→ **RECORDS FOR PROCESSING**
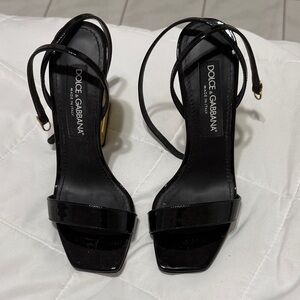 Dolce & Gabbana Glossy Black Heels
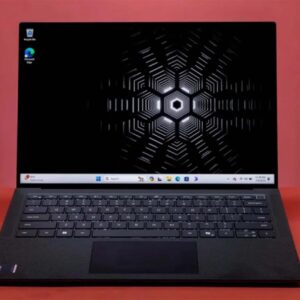 لپ‌تاپ گیمینگ با طراحی خشن و نورپردازی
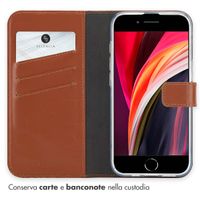 Selencia Cover a libro in vera pelle Apple iPhone 17e / 16e - Marrone chiaro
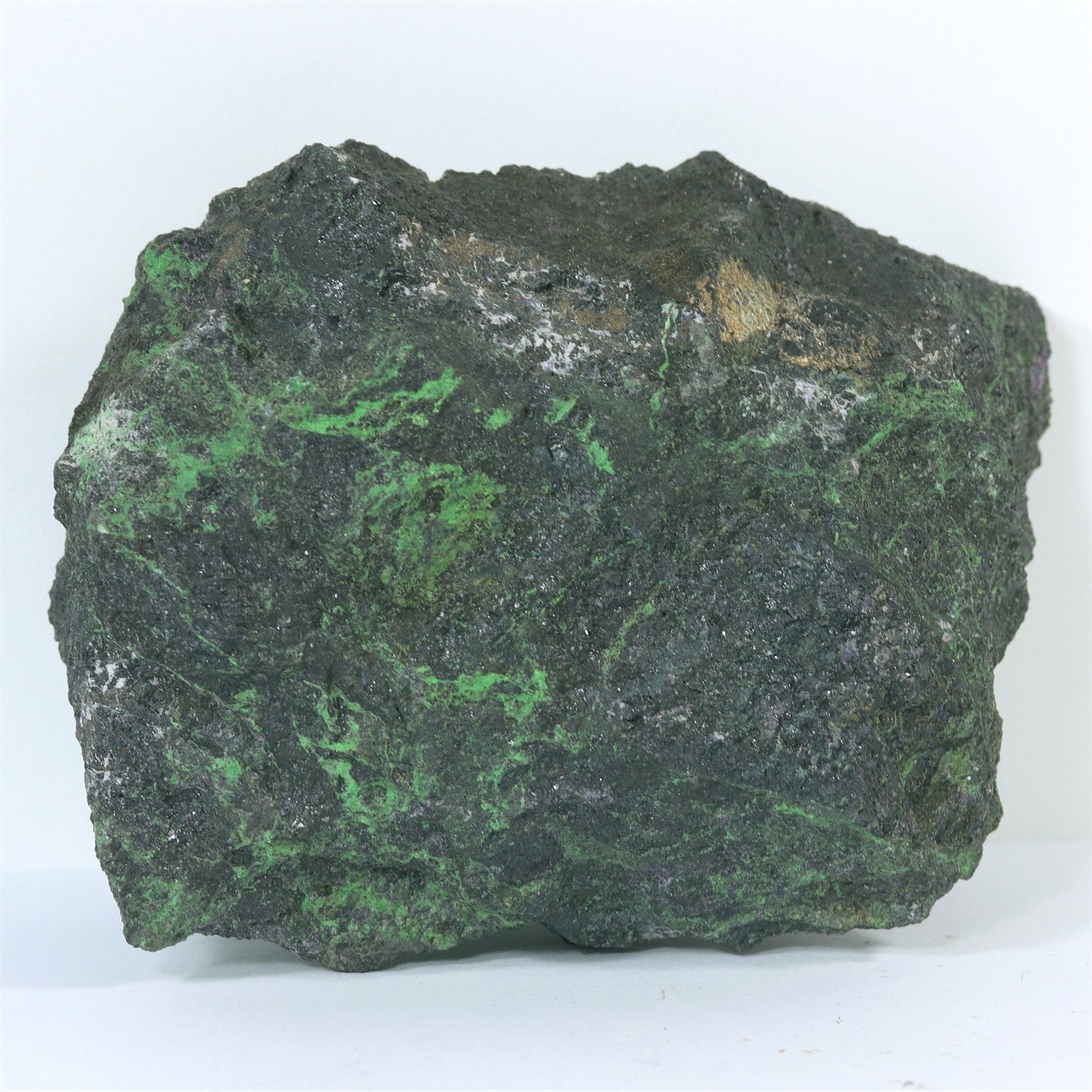 Chromite With Serpentine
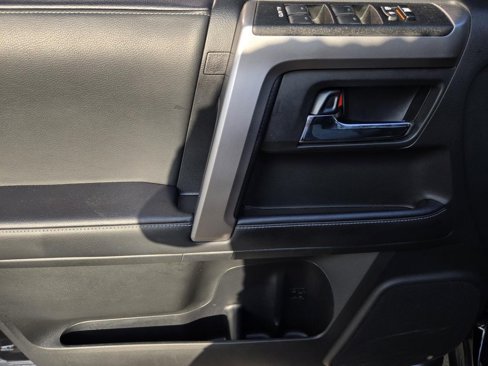 Used 2021 Toyota 4Runner SR5 Premium image 19
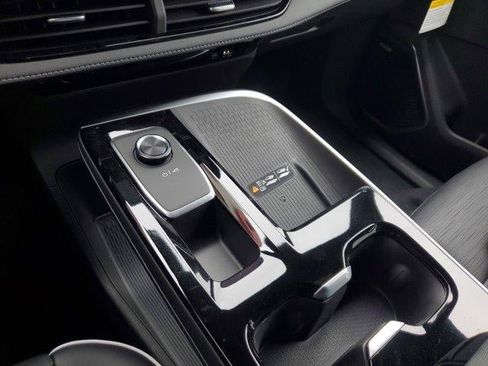 New 2026 Buick Enclave Sport Touring w/ Power Package image 26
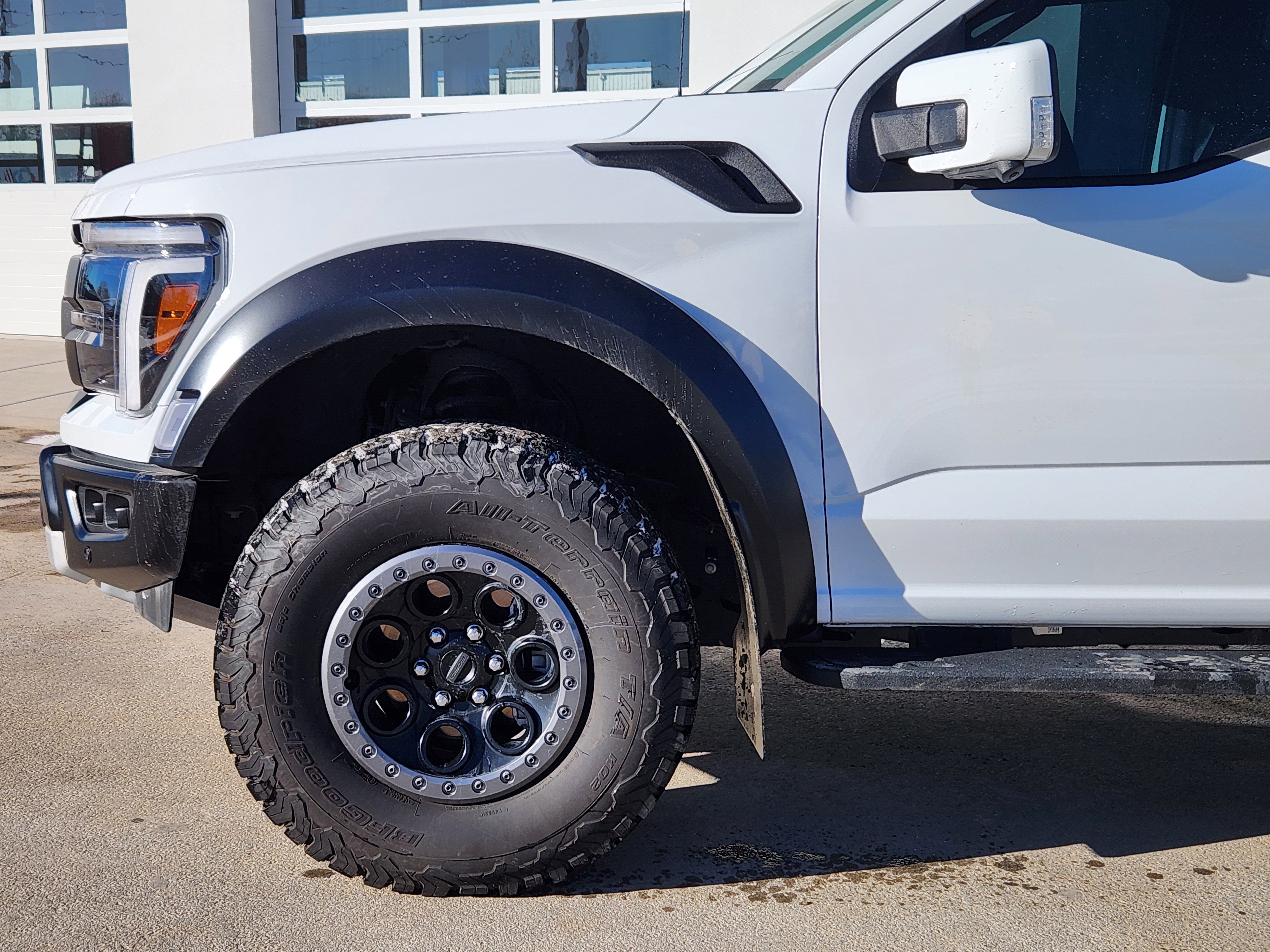 Used 2025 Ford F150 Raptor image 5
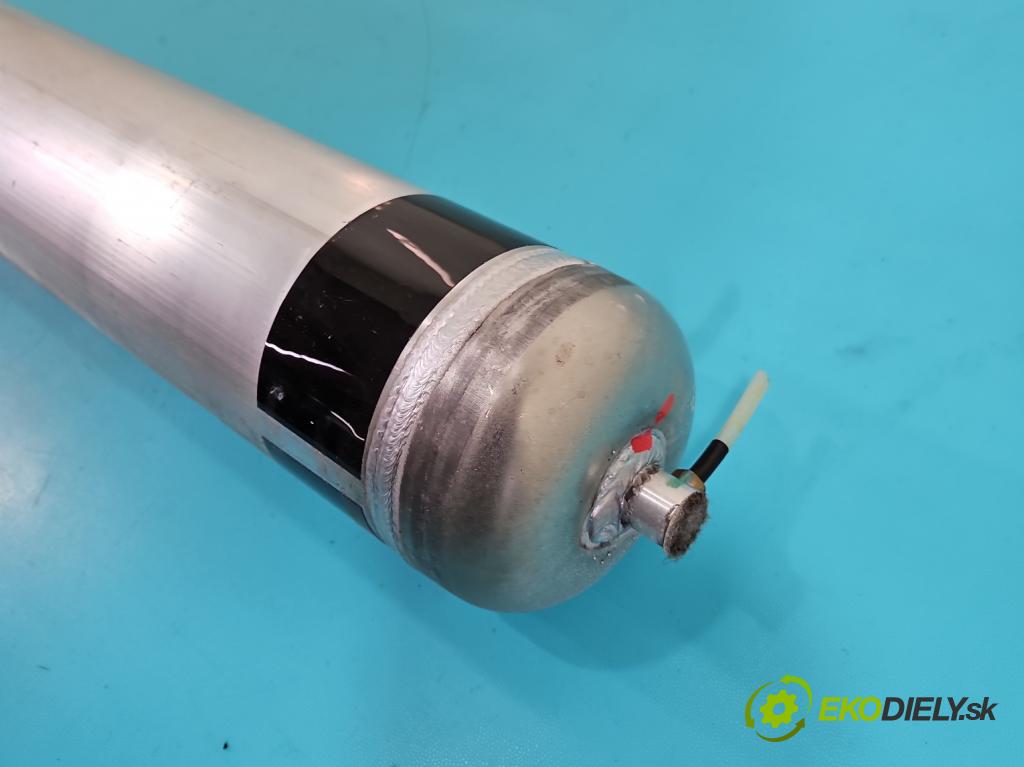 Jeep Grand Cherokee WK2 IV 2010-2021 3.0 CRD 250 HP automatic 184 kW 2987 cm3 5- Nádrž: vzduchu 68064343AC (Obal vzduchového filtra)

→ **EXERCISE DETAILS**
Retype the entries above exactly. Stop after the line containing "Used 2025 Ford F150 Raptor image 5", and omit the pictures.

→ **OUTPUT FOR THIS TASK**
 Dolce & Gabbana Glossy Black Heels
 لپ‌تاپ گیمینگ با طراحی خشن و نورپردازی
 Selencia Cover a libro in vera pelle Apple iPhone 17e / 16e - Marrone chiaro
 Chromite With Serpentine
 Used 2021 Toyota 4Runner SR5 Premium image 19
 New 2026 Buick Enclave Sport Touring w/ Power Package image 26
 Used 2025 Ford F150 Raptor image 5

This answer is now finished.